7 Schmaltz (884 Calories)
Schmaltz is the poultry version of lard and tallow. Like lard and tallow, there are 884 calories per 100g in schmaltz. Don’t worry if you cannot find schmaltz in the shops, it is easy to make at home. Simply heat chicken, goose, or duck fat over low heat for about 5 hours to render the schmaltz. Schmaltz is traditionally used in Jewish cooking, where it serves the purpose of lard. Schmaltz has a distinct rich flavour and a high smoke point, making it ideal for deep frying.
8 Pureed Fruits make good substitutes for vegetable oil
Perhaps surprisingly, mashed, or pureed fruit may be used as a substitute for vegetable oil when baking (margarine is vegetable oil). Whilst there is hardly any fat in fruit, the texture, moisture retention, and binding properties of blended fruit serve the same purposes of oil in baking. Pureed apple or applesauce works particularly well as a one to one substitute for vegetable oil when baking muffins and cookies. The calorie count will vary depending on the fruit used, but expect apple to be in the 56 calories/100g range.

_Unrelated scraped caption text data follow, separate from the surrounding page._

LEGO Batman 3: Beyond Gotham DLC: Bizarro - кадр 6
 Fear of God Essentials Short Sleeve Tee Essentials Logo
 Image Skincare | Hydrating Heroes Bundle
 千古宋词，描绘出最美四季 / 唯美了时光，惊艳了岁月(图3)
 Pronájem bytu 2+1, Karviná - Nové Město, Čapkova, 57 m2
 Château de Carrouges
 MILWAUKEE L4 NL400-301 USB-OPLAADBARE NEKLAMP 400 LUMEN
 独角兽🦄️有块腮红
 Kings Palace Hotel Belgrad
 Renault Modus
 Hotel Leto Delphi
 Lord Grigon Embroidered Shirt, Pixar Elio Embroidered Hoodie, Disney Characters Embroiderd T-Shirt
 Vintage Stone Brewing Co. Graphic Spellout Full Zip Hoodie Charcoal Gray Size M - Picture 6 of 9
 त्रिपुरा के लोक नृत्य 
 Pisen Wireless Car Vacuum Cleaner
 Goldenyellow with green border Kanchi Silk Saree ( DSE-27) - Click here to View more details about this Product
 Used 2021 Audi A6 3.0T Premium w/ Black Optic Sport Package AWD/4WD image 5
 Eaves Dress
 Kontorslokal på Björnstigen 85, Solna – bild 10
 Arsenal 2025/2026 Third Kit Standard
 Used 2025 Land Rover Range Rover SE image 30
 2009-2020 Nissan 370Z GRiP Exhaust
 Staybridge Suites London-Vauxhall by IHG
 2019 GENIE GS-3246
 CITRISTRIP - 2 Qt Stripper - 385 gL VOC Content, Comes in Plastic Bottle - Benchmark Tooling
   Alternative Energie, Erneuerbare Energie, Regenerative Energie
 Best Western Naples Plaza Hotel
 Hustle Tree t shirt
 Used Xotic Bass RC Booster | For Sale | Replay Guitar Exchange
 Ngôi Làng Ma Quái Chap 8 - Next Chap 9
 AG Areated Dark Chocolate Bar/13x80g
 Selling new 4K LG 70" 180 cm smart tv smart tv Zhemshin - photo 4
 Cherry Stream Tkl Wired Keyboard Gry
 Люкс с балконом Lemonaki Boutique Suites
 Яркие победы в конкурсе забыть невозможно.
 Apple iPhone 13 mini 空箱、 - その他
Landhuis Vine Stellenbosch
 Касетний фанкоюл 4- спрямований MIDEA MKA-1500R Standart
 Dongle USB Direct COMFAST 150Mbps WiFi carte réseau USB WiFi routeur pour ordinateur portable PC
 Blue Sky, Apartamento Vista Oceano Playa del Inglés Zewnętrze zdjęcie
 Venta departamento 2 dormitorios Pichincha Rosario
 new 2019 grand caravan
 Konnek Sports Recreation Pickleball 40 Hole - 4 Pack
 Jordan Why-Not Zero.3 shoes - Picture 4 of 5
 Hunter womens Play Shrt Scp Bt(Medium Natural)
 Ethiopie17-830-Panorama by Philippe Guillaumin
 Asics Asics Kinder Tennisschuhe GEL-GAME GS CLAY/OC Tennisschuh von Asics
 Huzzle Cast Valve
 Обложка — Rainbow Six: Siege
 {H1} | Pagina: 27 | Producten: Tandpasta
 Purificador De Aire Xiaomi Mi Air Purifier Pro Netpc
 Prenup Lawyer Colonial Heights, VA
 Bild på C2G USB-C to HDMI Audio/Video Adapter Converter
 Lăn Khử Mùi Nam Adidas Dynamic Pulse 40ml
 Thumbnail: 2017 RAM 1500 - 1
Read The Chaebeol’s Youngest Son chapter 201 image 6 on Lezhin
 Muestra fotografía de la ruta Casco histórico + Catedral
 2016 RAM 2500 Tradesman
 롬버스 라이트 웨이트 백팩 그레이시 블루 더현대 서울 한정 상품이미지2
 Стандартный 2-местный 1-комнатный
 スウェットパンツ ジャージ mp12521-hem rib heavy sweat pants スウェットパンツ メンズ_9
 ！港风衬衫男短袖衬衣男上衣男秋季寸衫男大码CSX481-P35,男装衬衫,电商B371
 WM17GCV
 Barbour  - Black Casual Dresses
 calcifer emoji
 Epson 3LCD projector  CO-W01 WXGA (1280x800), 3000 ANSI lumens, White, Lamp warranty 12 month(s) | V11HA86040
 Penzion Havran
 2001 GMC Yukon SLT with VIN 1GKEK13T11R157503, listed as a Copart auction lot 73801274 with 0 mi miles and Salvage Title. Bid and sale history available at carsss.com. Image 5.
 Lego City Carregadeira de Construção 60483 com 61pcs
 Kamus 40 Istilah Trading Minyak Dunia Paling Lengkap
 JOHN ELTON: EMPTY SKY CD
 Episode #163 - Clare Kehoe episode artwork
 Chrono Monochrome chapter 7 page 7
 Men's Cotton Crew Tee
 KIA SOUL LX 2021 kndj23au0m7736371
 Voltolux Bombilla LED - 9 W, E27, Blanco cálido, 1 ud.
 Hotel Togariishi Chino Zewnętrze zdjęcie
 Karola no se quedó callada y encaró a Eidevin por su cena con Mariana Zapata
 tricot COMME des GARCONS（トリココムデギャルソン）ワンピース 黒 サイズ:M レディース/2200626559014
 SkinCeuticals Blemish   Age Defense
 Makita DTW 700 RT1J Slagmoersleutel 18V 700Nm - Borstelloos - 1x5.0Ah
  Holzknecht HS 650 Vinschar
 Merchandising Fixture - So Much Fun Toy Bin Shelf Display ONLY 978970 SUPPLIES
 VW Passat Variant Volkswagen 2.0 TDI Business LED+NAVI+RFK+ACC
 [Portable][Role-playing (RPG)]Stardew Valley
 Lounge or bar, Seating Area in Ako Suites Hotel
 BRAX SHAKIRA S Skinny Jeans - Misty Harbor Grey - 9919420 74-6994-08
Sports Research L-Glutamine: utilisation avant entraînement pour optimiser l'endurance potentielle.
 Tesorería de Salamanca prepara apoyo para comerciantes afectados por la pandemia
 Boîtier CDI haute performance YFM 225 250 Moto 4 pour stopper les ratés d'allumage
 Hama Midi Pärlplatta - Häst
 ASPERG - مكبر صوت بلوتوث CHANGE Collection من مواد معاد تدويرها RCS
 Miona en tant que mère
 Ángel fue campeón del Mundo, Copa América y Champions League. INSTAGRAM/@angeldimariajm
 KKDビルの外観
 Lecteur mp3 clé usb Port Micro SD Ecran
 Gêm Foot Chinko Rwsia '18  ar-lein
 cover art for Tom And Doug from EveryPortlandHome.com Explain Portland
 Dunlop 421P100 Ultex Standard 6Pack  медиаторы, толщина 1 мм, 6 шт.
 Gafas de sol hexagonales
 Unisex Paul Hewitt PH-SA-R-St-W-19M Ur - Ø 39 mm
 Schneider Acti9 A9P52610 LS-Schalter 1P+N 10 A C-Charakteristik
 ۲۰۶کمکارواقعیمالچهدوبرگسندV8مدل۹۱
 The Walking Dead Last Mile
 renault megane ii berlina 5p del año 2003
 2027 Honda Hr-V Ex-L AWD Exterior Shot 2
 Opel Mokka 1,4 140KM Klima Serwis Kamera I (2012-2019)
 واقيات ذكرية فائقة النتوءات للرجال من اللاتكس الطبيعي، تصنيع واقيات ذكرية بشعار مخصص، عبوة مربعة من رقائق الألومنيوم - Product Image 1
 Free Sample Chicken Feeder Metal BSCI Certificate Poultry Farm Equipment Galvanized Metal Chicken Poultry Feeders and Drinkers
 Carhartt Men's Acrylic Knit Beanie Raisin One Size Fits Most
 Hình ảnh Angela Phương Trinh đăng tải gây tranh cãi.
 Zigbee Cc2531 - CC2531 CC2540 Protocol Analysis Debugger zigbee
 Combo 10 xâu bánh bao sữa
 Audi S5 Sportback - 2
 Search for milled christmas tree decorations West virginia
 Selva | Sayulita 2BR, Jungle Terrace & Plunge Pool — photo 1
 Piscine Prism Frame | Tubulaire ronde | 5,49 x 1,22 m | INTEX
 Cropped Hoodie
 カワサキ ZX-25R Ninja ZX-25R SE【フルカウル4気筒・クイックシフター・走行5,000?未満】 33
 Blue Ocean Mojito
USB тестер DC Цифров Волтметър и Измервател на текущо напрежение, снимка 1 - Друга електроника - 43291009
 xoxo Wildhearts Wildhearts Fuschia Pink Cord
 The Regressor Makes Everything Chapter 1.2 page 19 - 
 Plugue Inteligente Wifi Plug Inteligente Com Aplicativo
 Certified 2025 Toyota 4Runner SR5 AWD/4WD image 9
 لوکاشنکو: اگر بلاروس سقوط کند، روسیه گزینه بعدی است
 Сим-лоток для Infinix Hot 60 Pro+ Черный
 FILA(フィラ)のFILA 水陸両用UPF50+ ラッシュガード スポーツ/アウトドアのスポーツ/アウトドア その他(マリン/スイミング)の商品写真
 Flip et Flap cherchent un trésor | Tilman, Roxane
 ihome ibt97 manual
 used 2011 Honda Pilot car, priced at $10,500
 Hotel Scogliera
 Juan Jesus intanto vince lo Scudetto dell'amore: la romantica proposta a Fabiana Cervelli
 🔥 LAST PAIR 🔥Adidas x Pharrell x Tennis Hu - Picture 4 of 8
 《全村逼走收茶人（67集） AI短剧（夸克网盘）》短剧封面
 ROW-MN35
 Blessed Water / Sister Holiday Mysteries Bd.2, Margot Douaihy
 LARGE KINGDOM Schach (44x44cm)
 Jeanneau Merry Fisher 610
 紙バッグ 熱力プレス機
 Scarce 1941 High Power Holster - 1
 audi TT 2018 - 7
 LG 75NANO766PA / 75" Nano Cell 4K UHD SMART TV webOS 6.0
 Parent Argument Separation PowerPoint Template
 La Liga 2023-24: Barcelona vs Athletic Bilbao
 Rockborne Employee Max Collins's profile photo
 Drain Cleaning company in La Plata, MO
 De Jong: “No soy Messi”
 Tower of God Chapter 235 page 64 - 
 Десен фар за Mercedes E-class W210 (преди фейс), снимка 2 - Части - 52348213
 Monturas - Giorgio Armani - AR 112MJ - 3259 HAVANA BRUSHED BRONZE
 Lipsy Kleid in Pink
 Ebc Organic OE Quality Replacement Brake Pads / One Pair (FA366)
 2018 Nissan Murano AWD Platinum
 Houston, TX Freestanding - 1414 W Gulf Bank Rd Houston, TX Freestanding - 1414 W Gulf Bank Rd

Honourable Mention: Cold-Pressed and Virgin Vegetable Oils
You cannot truly substitute vegetable oil for vegetable oil, but it is worth noting the difference between cold-pressed and industrially manufactured vegetable oil. Basic equipment and simple methods make cold-pressed vegetable oils, unlike the rigorously manipulated vegetable oils found in the mass-market. Simple squeezing and filtering of oil-rich plant matter like olives, palm fruit, macadamia nuts, and coconuts release the oil. Nothing is added to the oil and it is not artificially hydrogenated, deodorised, purified, blended, or preserved. Such oils have about 880 calories per 100g and will not keep as long, or taste as neutral, or cook as consistently as mass-market vegetable oil.